Sarajevo: guía a través de una ciudad poco convencional
Alejada de los lugares más convencionales, tal como dicta el sueño de todo viajero moderno, la más ecléctica de las antiguas ciudades yugoslavas ha renacido —literalmente— de sus cenizas, ofreciendo un prisma cultural capaz de atrapar a cualquiera.
Por Josué Pacharán
Cruzando un par de minaretes hacia el río, es imperativo comenzar el recorrido por lo más importante: llenar el estómago. Inat Kuca es una de las mesas más obstinadas de la ciudad, metáfora viviente de la supervivencia y el carácter testarudo de los sarajevenses. Según la leyenda, que data del inicio de la ocupación austrohúngara, el propietario de la casa original —cuyo espacio actualmente está tomado por la sede del gobierno— no cedió ante la presión e impuso como condición para moverse que el traslado de su residencia se hiciese ladrillo por ladrillo hasta la otra orilla. El edificio resultante es un restaurante maravillosamente decorado con motivos otomanos. Resulta emblemático sentarse en una mesa con vista al río Miljacka para observar el Ayuntamiento de Sarajevo de estilo morisco, con sus líneas horizontales alternadas en rojo y amarillo realzadas por detalles arabescos en el remate superior. Este recinto actualmente funciona como sede de conciertos y exposiciones temporales que bien valen una vuelta. Antes, el banquete de brochetas, kebabes y parrilladas es obligado. La recomendación es ordenar un plato mixto (el mesero sabrá sugerirlo) para probar un surtido de carnes, salchichas y pollo acompañados de pimientos, calabazas y papas a la plancha a la usanza bosnioherzegovina, con una generosa porción de pan plano recién horneado y la dosis correcta de mostaza.
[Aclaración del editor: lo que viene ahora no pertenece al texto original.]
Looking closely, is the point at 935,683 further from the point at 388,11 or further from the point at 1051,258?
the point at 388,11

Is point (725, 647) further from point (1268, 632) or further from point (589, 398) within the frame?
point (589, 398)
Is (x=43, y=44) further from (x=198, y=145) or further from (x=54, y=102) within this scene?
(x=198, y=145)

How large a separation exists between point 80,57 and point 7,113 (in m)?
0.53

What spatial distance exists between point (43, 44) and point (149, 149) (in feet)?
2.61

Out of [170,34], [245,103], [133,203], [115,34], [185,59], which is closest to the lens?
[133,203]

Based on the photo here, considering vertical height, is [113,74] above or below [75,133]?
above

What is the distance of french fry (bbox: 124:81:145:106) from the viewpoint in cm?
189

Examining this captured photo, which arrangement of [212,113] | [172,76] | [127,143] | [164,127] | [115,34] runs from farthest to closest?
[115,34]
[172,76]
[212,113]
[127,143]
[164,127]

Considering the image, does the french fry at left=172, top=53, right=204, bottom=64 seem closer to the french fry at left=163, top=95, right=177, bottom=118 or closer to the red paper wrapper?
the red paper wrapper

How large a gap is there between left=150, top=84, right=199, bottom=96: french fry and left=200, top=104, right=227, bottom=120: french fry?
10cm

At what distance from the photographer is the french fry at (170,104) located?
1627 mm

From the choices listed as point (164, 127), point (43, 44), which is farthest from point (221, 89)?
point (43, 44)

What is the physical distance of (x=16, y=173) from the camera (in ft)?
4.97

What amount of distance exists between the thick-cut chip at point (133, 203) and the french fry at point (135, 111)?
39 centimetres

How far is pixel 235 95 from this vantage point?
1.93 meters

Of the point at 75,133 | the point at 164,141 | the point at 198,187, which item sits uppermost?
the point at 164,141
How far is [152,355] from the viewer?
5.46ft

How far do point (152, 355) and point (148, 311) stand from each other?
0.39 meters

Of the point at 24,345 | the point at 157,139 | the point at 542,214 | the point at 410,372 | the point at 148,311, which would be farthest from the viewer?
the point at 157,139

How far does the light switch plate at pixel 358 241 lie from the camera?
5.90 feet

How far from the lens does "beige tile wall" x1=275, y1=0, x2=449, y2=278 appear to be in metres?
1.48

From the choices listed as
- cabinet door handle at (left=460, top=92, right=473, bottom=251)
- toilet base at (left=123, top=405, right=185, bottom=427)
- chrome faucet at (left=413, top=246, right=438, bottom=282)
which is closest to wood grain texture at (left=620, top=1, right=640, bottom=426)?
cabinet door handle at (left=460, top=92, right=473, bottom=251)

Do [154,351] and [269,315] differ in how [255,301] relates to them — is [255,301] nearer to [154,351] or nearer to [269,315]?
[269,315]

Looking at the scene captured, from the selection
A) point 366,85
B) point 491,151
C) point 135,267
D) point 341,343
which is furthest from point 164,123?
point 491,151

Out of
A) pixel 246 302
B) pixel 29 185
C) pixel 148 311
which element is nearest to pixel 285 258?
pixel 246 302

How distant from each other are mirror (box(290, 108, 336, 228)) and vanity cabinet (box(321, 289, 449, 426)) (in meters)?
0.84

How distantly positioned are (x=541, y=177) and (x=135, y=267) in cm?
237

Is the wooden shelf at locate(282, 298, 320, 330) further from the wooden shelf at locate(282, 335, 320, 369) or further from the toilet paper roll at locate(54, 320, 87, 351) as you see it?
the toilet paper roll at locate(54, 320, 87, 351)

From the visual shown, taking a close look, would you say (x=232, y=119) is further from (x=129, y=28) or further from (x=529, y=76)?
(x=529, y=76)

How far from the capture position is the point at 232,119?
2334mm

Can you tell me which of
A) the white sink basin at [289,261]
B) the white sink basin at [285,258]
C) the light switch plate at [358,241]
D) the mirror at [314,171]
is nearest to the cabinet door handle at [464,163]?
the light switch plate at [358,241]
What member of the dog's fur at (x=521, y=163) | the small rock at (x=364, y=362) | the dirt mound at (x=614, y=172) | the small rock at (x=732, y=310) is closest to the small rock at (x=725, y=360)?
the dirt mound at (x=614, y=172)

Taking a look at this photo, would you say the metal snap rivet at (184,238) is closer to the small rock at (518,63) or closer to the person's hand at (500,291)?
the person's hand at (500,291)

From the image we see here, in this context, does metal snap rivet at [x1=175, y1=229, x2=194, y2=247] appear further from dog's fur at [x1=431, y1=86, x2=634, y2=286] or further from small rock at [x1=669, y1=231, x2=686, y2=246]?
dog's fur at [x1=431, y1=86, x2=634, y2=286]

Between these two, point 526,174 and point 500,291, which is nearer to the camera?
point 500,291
Como complemento, la calidad de la cerveza bosnia es garantía y deja poca tarea a la intuición para elegir entre la lista de marcas: la Sarajevsko es, por mucho, la mejor opción.
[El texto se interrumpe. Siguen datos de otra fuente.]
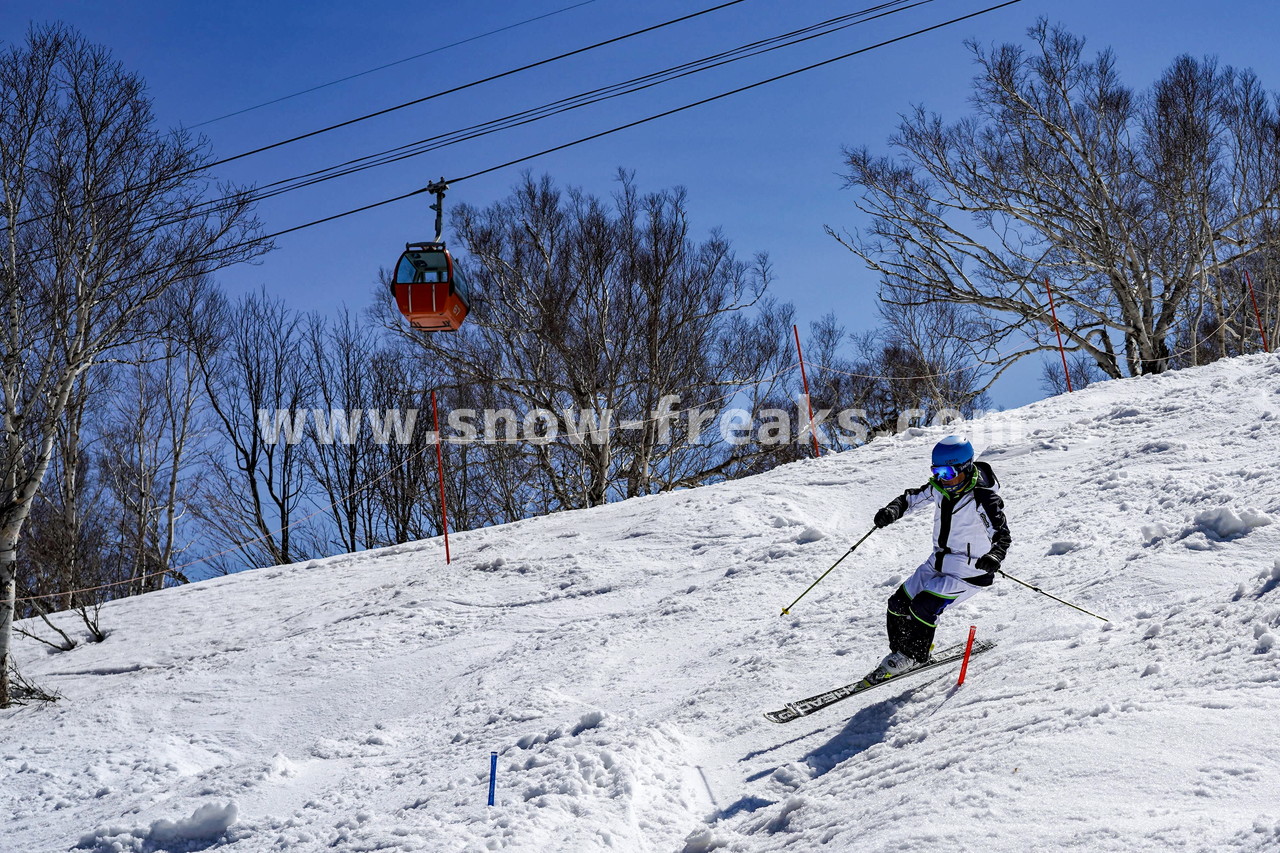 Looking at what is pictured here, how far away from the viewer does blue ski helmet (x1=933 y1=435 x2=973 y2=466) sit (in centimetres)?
534

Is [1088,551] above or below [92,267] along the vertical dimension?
below

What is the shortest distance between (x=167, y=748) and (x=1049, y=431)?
9.98 m

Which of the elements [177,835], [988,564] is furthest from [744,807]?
[177,835]

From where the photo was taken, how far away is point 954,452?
535 centimetres

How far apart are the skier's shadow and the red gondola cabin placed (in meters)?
9.20

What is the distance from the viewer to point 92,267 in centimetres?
1013

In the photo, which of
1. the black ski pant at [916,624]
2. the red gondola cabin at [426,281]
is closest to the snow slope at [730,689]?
the black ski pant at [916,624]

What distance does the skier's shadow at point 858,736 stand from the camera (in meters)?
4.66

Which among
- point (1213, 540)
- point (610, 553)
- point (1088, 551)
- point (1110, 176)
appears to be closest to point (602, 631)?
point (610, 553)

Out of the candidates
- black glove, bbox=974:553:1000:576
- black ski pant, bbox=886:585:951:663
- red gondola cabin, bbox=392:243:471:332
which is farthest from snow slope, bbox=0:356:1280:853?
red gondola cabin, bbox=392:243:471:332

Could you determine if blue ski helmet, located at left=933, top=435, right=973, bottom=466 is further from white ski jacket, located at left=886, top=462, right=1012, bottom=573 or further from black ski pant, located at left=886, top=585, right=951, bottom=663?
black ski pant, located at left=886, top=585, right=951, bottom=663

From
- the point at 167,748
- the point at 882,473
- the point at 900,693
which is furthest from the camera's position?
the point at 882,473

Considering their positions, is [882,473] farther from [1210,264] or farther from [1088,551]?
[1210,264]

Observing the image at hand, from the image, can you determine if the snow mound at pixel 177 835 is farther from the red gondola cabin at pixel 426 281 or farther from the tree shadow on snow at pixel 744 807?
the red gondola cabin at pixel 426 281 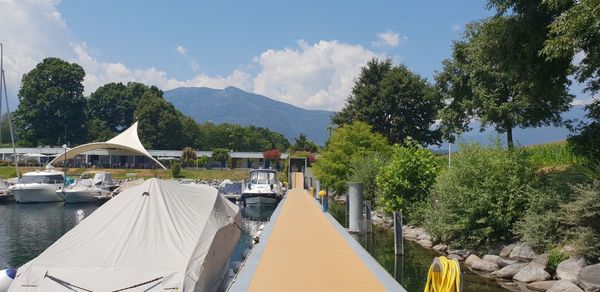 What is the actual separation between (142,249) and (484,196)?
37.0 ft

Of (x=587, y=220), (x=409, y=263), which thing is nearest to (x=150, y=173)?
(x=409, y=263)

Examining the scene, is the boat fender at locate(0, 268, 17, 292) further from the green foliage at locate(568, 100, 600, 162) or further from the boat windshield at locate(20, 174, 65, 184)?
the boat windshield at locate(20, 174, 65, 184)

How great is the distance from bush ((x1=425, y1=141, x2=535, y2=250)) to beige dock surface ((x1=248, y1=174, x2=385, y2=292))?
13.2 feet

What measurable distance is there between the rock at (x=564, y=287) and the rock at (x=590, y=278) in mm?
163

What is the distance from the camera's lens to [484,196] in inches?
655

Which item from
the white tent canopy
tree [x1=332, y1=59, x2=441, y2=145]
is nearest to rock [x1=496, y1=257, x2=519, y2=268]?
tree [x1=332, y1=59, x2=441, y2=145]

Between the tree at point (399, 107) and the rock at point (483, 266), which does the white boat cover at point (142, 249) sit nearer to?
the rock at point (483, 266)

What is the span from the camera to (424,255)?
17.9 meters

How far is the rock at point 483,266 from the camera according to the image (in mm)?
15039

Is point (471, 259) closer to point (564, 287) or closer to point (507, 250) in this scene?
point (507, 250)

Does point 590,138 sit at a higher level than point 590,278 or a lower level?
higher

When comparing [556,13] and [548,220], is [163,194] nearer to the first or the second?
[548,220]

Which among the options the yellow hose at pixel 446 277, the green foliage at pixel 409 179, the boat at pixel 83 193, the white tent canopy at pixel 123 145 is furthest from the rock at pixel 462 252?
the white tent canopy at pixel 123 145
Podría caerse en la tentación de describir cómo esta primer estampa gastronómica sobre el puente Šehercehaja pareciera salida de las páginas de un libro de Ivo Andrić —nóbel de literatura y uno de los personajes predilectos del país, junto con el director de cine Emir Kusturica y el compositor Goran Bregović—, pero el permanente mareo multicultural de la ciudad sobrepasa esta comparación: un primer parpadeo evoca Estambul, el siguiente trae Jerusalén a la memoria, el siguiente devuelve a Yugoslavia o a un sitio nunca antes visto… y así sucesivamente. Antes de atravesar el río, la Mezquita del Emperador, con su cúpula turquesa, resulta una visita breve y agradable: en el interior, un candelabro preside sobre magníficas alfombras otomanas y ventanas de estilo turco antiguo. Una vez en la otra orilla, hay que adentrarse en el mítico barrio de Bašcaršija, con su exquisito bazar de tradiciones. Una especie de zoco o mercado sinuoso cargado de jarrones artesanales, columnas de platos de cobre e inciensos a la venta, representa la parte más vieja de la ciudad (ya en el siglo XV era sitio de convivencia armónica entre musulmanes, cristianos y judíos). Su caótico núcleo es quizás el punto más turístico de Sarajevo, la plaza de Sebilj, cuya fama no surge tanto de su célebre fuente sino de su ubicación estratégica para reunirse y de la cantidad apabullante de palomas que ahí confluyen, rodeadas igual por tejados que por alminares entre típicos talleres de orfebres y tiendas de recuerdos. La fotografía obligada incluye la compra de un clásico pan suave en forma de pretzel, que ha de dividirse en migajas para atraer la atención de cientos de aves.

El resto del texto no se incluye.